◆ **Activity**:
A verbatim reproduction of the lines below, from the line containing "La cupola della" through the line containing "Black and stainless", both ends included, is the whole required output.

╭─ Input records

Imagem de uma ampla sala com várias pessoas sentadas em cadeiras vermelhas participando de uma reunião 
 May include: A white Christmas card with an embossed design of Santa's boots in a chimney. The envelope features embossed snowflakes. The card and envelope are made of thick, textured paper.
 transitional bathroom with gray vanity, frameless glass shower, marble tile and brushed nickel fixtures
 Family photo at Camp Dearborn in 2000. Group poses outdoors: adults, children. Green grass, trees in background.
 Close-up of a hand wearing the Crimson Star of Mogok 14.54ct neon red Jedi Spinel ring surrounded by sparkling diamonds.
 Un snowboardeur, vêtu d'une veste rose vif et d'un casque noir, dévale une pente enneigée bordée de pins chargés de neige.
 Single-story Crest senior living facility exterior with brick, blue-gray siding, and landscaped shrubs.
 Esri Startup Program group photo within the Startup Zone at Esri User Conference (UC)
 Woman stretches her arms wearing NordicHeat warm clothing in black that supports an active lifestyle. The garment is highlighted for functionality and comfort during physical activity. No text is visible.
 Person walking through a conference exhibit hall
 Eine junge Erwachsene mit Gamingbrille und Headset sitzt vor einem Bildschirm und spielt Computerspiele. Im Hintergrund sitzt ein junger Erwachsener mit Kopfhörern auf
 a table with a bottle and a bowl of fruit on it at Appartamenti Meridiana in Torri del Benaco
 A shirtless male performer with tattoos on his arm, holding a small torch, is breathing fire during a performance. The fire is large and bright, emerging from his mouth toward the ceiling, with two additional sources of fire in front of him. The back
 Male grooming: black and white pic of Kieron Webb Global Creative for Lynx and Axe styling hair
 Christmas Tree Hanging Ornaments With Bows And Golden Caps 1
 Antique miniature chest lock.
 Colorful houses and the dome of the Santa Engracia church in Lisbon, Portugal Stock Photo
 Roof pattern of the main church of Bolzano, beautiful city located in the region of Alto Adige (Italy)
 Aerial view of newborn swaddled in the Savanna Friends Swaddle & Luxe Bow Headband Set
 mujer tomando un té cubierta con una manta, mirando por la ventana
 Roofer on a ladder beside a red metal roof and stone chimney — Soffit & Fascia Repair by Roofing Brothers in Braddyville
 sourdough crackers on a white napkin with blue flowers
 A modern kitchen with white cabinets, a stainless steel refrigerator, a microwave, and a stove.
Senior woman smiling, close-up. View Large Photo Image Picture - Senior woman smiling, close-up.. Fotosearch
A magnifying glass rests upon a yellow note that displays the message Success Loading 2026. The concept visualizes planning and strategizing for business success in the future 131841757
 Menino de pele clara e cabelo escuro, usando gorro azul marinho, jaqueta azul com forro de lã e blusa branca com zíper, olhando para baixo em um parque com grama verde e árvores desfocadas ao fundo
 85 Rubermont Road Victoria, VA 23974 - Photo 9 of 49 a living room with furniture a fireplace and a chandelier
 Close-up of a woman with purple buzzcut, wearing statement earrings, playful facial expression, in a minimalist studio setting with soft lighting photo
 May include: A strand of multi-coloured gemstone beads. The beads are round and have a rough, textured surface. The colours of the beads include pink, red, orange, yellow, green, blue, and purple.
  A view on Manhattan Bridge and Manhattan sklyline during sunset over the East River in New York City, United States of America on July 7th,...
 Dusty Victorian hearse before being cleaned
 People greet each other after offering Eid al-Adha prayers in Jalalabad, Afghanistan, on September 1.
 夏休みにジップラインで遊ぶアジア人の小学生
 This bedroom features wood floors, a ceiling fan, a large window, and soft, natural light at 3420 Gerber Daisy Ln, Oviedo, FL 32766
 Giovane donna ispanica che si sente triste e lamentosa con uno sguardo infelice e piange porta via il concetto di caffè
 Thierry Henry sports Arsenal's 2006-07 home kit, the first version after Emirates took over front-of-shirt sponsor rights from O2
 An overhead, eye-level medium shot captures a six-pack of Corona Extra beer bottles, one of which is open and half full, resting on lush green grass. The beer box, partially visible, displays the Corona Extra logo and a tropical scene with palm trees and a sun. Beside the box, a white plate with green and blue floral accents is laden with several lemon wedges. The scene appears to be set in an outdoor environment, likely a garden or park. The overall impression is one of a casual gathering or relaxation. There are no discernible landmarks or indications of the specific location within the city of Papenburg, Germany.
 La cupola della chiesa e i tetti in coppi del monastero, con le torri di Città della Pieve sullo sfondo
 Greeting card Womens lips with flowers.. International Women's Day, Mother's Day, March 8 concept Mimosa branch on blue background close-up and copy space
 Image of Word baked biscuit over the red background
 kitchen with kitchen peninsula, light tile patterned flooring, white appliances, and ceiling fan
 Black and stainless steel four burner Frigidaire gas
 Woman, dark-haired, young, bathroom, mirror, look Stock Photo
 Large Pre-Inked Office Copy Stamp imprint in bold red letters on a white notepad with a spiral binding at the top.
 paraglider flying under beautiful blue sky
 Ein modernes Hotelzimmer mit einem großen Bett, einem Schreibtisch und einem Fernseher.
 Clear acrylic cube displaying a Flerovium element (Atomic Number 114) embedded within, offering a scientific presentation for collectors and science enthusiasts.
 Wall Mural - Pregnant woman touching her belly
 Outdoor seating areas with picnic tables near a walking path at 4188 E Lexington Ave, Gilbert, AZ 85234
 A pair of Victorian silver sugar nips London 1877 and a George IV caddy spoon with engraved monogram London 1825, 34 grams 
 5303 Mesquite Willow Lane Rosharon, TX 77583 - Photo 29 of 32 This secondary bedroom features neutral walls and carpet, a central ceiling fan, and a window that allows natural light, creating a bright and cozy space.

╰─

◆ **Written answer**:
 La cupola della chiesa e i tetti in coppi del monastero, con le torri di Città della Pieve sullo sfondo
 Greeting card Womens lips with flowers.. International Women's Day, Mother's Day, March 8 concept Mimosa branch on blue background close-up and copy space
 Image of Word baked biscuit over the red background
 kitchen with kitchen peninsula, light tile patterned flooring, white appliances, and ceiling fan
 Black and stainless steel four burner Frigidaire gas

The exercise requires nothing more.